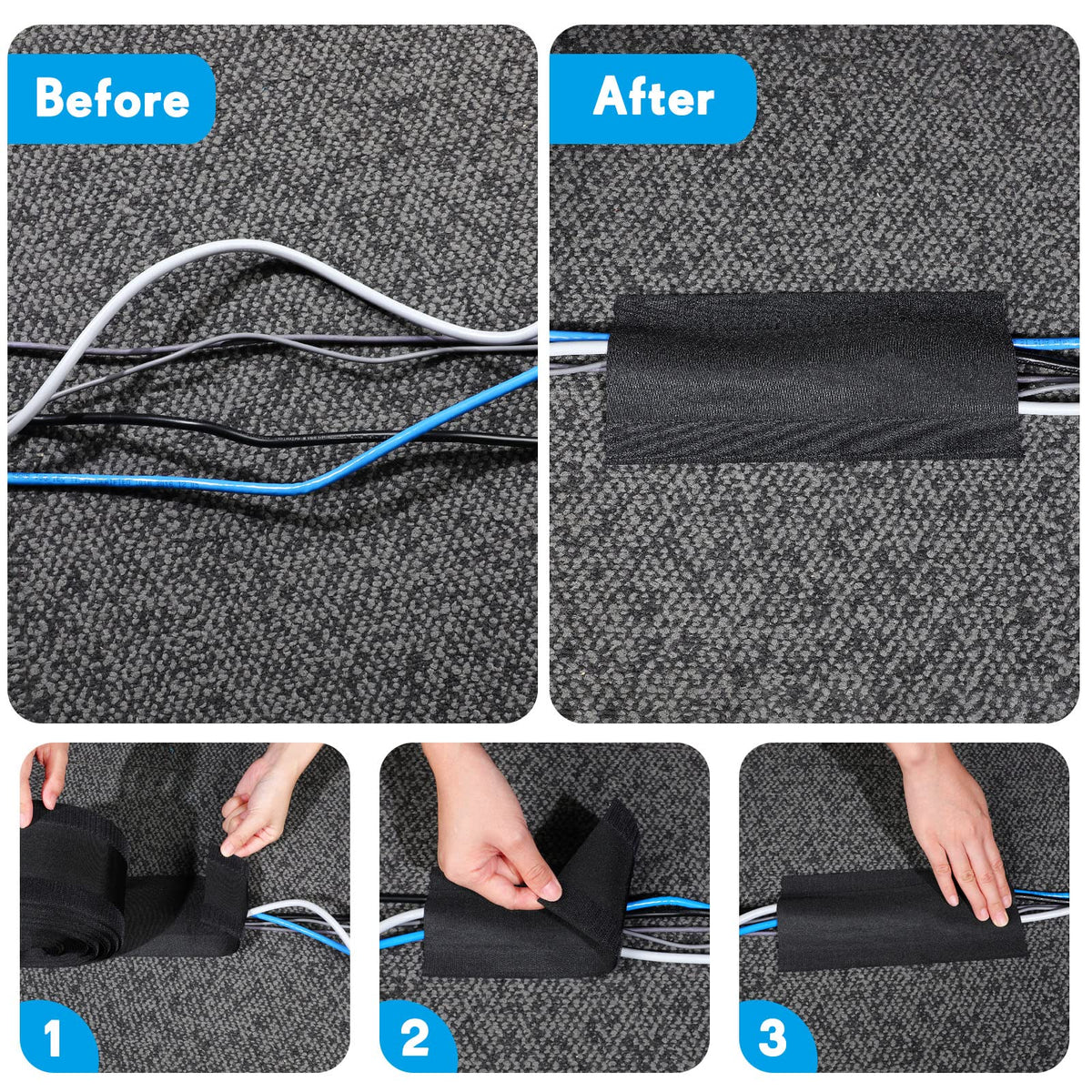 Syhood black roll demonstrates discreet cable routing on carpeted floors.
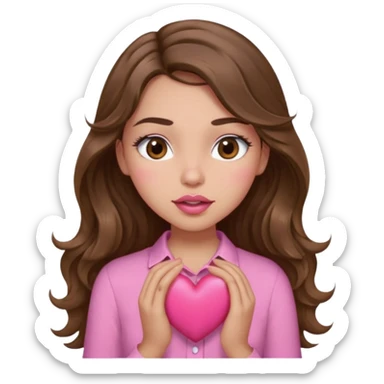 girl with long wavy brown hair, brown eyes, light to medium complexion, in a pink shirt, pink lips, long lashes, sexy , puckering, blushing, kissing a heart sexy sticker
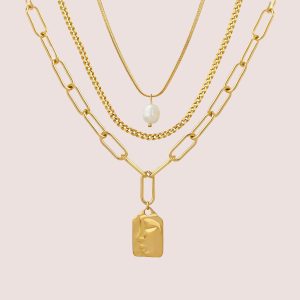 Multilayer 18K Gold Pendant Necklace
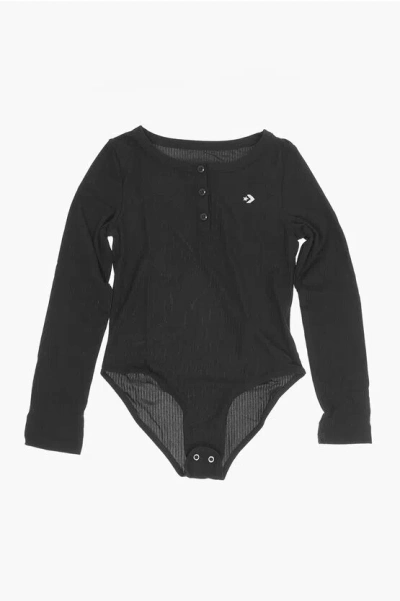 Converse Long Sleeve Ribbed Bodysuit In Black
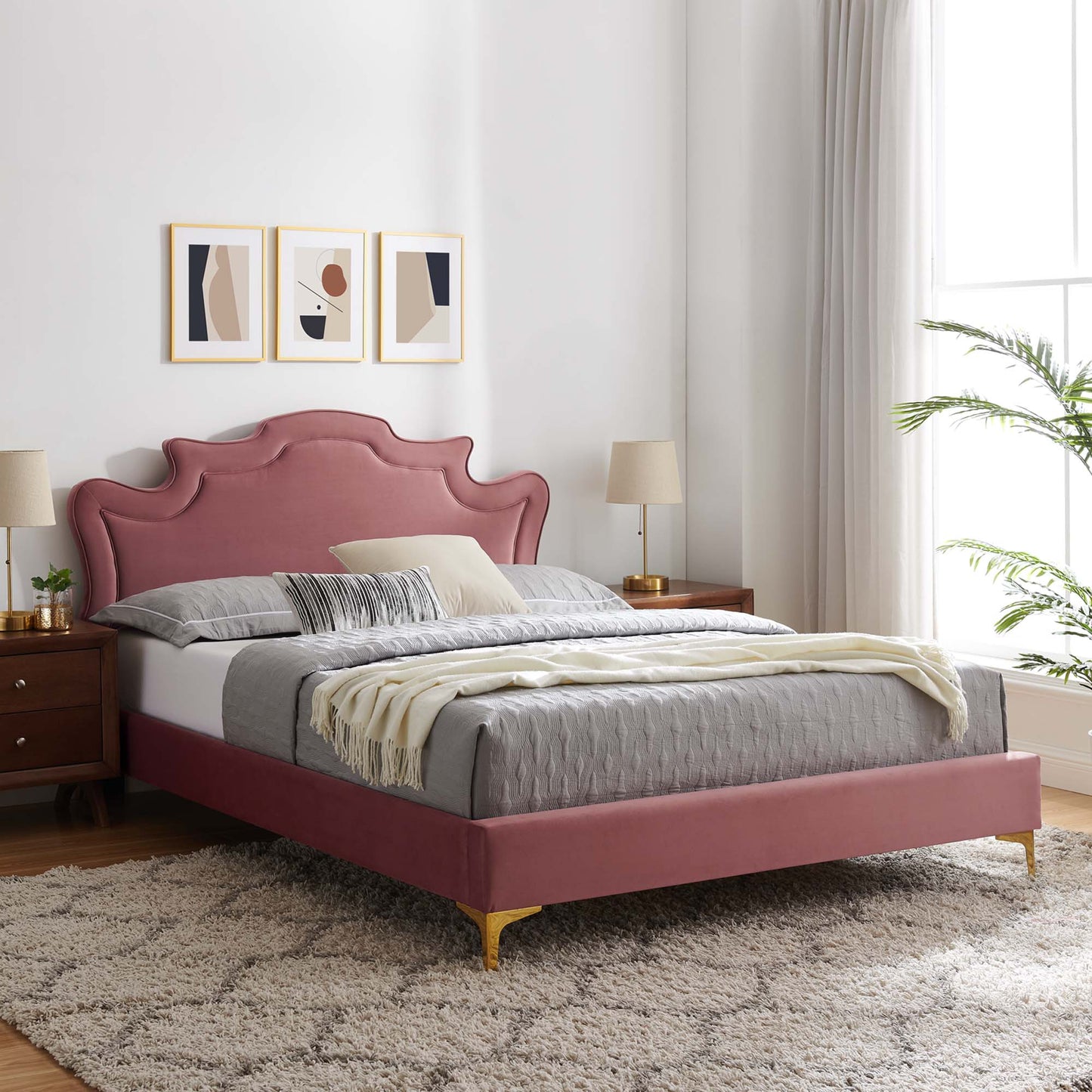 Cama tamaño king Neena Performance Velvet de Modway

· · · · · · ·

### Activity
Leave out each picture and extract the lines from the one containing "girl with long" through the end of the records above, inclusive, exactly as they stand.

### Result below
 girl with long wavy brown hair, brown eyes, light to medium complexion, in a pink shirt, pink lips, long lashes, sexy , puckering, blushing, kissing a heart sexy sticker
 Multilayer 18K Gold Pendant Necklace
 Converse Long Sleeve Ribbed Bodysuit In Black
 Cama tamaño king Neena Performance Velvet de Modway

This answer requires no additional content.